**Data to process:**
◆ ◆ ◆ ◆ ◆

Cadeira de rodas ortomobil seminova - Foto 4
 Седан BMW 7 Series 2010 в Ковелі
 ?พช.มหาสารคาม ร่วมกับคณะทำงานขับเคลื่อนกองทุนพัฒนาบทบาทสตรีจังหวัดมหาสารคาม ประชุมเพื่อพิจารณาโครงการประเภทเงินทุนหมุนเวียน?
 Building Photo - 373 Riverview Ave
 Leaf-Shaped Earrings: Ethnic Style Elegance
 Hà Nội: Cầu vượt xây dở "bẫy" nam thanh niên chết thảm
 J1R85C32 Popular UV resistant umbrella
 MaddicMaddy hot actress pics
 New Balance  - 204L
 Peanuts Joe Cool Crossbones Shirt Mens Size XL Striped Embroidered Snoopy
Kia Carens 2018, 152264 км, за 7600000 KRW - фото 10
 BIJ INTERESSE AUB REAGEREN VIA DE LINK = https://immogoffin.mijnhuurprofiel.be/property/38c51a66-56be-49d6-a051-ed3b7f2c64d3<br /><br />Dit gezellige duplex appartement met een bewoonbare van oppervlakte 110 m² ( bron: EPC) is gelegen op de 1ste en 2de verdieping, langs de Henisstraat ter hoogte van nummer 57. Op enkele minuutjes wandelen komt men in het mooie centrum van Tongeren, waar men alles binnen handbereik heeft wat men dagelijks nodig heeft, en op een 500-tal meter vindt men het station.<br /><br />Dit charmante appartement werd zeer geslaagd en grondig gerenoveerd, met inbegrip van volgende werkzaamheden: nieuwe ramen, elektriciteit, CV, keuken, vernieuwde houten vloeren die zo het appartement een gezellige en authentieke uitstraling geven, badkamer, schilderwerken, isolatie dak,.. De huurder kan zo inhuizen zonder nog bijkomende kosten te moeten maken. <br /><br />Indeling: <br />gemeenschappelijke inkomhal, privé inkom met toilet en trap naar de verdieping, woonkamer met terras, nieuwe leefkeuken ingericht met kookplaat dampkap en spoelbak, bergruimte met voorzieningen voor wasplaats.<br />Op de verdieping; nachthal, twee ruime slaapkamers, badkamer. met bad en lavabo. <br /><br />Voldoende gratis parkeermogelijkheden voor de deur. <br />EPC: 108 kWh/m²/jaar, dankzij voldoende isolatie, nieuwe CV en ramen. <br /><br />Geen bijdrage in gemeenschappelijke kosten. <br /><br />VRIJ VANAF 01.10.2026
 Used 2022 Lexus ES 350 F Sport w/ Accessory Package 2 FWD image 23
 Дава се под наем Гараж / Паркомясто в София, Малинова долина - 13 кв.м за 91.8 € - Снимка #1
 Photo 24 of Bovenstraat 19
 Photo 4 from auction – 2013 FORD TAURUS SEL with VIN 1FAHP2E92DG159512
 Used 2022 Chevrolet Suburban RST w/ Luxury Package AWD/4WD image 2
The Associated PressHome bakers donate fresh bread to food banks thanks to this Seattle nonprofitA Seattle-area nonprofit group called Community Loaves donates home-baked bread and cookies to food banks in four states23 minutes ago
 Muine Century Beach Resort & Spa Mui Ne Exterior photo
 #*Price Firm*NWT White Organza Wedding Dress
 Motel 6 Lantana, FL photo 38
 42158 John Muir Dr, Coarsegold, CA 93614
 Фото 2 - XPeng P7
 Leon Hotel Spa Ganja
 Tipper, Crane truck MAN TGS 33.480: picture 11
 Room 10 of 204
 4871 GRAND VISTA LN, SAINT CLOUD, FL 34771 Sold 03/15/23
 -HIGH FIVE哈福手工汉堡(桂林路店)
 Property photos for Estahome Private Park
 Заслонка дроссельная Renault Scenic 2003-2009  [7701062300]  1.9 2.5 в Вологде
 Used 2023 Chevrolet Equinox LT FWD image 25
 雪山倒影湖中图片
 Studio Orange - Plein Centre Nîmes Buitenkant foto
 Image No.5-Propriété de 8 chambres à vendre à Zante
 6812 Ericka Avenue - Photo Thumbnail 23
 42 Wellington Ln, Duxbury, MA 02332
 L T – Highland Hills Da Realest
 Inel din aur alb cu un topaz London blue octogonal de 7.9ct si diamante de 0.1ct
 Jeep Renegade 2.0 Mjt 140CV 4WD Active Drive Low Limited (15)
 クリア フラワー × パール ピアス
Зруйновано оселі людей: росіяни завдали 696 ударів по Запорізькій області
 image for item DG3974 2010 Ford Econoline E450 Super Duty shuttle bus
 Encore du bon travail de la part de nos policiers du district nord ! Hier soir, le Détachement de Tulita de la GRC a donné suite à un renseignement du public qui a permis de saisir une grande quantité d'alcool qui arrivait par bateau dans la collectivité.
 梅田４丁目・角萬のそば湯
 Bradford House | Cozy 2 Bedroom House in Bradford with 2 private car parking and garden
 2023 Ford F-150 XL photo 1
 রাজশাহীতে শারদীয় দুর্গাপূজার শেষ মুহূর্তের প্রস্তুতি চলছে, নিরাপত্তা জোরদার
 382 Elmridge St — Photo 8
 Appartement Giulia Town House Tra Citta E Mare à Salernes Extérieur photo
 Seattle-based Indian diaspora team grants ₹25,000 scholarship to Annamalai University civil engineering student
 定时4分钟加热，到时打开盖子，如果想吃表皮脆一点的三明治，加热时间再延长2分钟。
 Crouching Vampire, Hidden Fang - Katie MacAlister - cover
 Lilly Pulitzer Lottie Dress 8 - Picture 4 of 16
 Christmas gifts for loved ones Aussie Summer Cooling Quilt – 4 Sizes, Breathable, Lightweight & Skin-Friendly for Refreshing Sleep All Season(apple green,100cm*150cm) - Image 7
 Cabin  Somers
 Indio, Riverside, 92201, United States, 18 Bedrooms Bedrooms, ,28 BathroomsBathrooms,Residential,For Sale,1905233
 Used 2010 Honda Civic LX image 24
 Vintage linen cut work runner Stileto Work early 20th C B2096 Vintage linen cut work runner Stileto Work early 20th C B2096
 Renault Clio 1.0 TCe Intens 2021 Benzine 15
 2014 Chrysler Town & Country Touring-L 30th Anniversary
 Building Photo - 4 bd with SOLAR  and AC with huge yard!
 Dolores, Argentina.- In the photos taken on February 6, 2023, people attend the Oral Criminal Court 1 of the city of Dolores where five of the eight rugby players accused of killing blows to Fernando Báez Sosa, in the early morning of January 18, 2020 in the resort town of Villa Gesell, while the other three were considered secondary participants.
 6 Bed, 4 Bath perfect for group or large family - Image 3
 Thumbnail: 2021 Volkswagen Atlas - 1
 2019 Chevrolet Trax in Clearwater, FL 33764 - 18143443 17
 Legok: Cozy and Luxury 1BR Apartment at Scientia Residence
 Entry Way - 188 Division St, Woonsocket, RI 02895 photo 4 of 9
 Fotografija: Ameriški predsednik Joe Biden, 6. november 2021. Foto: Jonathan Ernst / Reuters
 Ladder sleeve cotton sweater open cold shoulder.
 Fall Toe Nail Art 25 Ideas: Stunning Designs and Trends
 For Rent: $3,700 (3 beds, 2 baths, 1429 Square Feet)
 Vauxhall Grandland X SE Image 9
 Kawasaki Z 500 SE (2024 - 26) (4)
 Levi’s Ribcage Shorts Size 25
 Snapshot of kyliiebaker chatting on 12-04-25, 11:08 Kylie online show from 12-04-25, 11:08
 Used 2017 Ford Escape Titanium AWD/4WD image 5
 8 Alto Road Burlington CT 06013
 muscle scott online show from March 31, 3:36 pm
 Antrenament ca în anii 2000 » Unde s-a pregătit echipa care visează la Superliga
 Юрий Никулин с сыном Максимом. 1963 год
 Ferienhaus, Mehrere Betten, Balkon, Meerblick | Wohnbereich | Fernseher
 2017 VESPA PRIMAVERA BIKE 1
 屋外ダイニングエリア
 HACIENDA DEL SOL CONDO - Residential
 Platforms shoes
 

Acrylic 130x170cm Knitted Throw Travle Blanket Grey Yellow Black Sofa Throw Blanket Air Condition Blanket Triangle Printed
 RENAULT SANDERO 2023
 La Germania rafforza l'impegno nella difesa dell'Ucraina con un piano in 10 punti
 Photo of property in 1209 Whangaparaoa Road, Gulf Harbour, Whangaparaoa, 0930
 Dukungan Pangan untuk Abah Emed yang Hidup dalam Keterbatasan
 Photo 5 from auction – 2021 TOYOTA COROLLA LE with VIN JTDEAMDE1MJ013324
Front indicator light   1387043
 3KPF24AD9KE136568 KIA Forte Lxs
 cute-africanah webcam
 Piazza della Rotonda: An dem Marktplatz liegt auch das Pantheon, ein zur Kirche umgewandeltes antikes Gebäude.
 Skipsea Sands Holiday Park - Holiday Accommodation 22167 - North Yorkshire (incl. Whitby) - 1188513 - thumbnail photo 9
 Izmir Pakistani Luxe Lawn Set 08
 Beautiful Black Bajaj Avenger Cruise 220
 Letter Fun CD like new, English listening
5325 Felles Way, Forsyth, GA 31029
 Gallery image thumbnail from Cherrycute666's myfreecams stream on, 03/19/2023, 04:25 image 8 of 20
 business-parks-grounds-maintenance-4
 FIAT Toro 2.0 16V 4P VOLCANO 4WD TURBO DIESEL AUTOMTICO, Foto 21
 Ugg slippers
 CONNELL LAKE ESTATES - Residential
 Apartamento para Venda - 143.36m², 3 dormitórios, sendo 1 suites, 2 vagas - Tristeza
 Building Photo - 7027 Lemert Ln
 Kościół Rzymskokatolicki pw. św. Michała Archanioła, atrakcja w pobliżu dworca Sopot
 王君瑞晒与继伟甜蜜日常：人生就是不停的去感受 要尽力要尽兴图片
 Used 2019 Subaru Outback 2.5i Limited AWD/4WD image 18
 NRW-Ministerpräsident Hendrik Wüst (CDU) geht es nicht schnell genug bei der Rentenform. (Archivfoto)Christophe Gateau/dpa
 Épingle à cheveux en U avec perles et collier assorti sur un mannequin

◆ ◆ ◆ ◆ ◆

A single number is the expected answer: how many lines of the entries contain "Limited".

**Written response:**
2